Israel has intensified its military operations in the city, where fifty people were killed on Friday, according to Gaza’s civil defense.
That same evening, Germany, France, and the United Kingdom issued a joint call for “an immediate halt to Israeli military operations in Gaza City, which are causing mass displacement of civilians, mounting casualties, and the destruction of vital infrastructure.”
In New York, nearly two years after the outbreak of war between Israel and Hamas, the UN General Assembly adopted by a large majority the “New York Declaration,” designed to revive the two-state solution, while explicitly excluding Hamas for the first time.
Israel condemned the decision as “shameful,” claiming it encouraged the continuation of the conflict.
The Israeli military meanwhile announced it was continuing “a broad assault on terrorist infrastructure and towers converted into military sites in Gaza City,” as part of its campaign of high-rise demolitions launched the previous week.
According to Gaza’s civil defense, a strike on a residential building in the city’s northwest killed fourteen people, mostly women and children. Journalist Hazem al-Sultan, who lost relatives in the attack, said: “Fourteen bodies were recovered, most of them children and women. Two were intact, the rest were in pieces.”
The UN has repeatedly warned of a “catastrophe” should Israel proceed with its plan, approved last August, to fully seize Gaza City, where about one million people still reside in the city and its surroundings.
Humanitarian organizations have condemned the renewed push to force northern Gaza residents southward. Prospects for a ceasefire or a hostage deal appear more remote than ever, particularly after Tuesday’s Israeli strike in Doha that targeted a Hamas leadership meeting.
On Friday evening, Hamas confirmed that its chief negotiator Khalil al-Hayya had survived the strike and attended the funeral of his son, who was among those killed.

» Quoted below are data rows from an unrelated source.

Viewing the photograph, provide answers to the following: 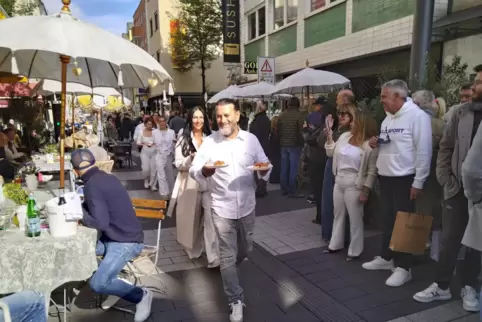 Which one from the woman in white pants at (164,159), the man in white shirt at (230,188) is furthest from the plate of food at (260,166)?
the woman in white pants at (164,159)

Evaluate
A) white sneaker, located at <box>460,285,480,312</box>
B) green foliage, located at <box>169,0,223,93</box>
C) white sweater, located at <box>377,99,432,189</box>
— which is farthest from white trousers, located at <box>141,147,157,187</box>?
green foliage, located at <box>169,0,223,93</box>

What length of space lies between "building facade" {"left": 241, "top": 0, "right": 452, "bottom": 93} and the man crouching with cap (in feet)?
28.1

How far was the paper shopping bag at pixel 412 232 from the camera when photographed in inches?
139

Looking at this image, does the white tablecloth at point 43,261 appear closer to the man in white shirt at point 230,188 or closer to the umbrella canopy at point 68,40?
the man in white shirt at point 230,188

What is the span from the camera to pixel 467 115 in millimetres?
3098

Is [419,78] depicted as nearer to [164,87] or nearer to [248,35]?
[164,87]

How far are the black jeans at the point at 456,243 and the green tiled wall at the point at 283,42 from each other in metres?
13.9

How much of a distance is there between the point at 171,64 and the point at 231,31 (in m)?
13.3

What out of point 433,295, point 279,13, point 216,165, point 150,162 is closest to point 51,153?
point 150,162

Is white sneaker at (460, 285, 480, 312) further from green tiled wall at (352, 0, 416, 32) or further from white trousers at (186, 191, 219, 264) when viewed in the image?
green tiled wall at (352, 0, 416, 32)

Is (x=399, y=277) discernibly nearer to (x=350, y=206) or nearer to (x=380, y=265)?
(x=380, y=265)

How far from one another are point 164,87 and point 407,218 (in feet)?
9.07

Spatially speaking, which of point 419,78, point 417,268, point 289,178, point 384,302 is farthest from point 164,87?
point 289,178

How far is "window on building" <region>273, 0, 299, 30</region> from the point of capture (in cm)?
1624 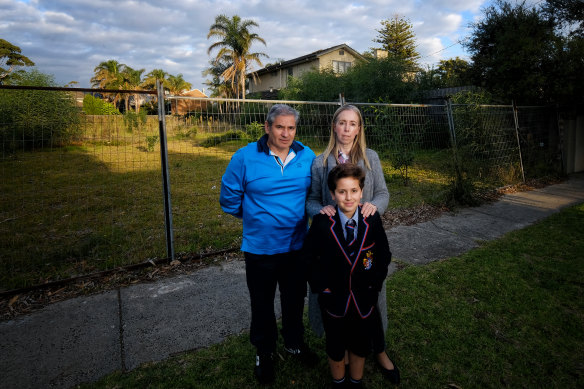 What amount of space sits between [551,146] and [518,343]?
10.4 meters

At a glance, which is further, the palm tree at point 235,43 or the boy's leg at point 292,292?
the palm tree at point 235,43

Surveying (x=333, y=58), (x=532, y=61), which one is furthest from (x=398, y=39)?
(x=532, y=61)

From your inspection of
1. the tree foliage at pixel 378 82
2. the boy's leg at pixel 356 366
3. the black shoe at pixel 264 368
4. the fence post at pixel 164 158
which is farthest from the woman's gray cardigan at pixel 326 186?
the tree foliage at pixel 378 82

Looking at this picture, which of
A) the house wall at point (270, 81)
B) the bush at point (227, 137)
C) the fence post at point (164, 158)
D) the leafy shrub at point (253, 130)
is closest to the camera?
the fence post at point (164, 158)

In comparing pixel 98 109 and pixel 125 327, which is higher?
pixel 98 109

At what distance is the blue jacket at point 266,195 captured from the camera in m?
2.23

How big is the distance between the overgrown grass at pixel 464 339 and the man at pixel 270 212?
359 millimetres

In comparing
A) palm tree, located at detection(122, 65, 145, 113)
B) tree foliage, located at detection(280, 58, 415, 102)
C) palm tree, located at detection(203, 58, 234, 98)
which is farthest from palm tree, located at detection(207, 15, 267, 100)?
palm tree, located at detection(122, 65, 145, 113)

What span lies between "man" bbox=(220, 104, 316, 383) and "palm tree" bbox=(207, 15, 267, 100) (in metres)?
31.3

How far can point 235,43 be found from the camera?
32969mm

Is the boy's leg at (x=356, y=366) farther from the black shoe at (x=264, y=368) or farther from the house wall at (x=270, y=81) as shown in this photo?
the house wall at (x=270, y=81)

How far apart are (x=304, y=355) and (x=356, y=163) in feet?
4.87

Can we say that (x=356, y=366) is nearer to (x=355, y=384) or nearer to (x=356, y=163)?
(x=355, y=384)

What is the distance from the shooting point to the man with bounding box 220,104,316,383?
2.23 m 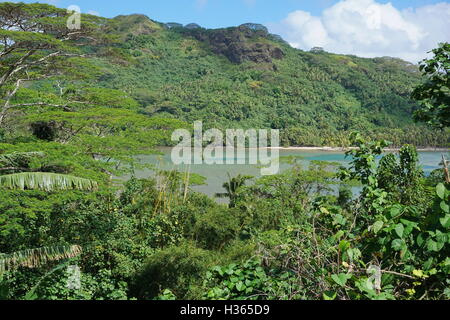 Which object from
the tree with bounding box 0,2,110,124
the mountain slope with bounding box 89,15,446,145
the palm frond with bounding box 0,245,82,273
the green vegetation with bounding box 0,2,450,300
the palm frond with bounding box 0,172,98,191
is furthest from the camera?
the mountain slope with bounding box 89,15,446,145

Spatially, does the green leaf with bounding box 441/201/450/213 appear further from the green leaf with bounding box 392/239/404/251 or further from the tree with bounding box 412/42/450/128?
the tree with bounding box 412/42/450/128

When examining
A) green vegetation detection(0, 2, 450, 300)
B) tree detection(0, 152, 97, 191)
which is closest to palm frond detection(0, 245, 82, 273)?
green vegetation detection(0, 2, 450, 300)

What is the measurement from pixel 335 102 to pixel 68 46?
79802 mm

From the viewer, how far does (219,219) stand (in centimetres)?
903

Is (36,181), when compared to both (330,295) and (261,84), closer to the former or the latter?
(330,295)

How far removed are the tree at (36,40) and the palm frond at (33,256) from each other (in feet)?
9.66

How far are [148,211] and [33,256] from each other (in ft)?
15.2

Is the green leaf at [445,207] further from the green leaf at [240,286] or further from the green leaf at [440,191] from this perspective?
the green leaf at [240,286]

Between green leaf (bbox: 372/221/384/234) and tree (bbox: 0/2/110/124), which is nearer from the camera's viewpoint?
green leaf (bbox: 372/221/384/234)

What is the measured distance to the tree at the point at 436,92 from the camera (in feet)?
6.59

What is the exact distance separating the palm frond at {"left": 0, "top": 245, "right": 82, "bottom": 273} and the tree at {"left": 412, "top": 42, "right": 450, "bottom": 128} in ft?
15.6

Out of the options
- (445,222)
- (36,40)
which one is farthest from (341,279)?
(36,40)

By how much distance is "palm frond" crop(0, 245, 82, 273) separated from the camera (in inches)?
189

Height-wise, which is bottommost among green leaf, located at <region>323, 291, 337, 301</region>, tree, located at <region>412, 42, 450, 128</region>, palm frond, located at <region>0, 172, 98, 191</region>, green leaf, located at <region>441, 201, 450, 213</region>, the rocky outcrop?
green leaf, located at <region>323, 291, 337, 301</region>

The Forum of Hostages’ Families accused Prime Minister Benjamin Netanyahu of “recklessly endangering their loved ones and Israeli soldiers, without any clear objective or strategic purpose.”
According to official data compiled by Agence France-Presse, Hamas’s October 2023 assault killed 1,219 people in Israel, most of them civilians. Israel’s subsequent military operations in Gaza have killed at least 64,756 people, the majority women and children, according to the Hamas-run Health Ministry.
The Israeli army maintains that 47 hostages remain in Gaza, including 25 confirmed dead, out of the 251 abducted during the attack.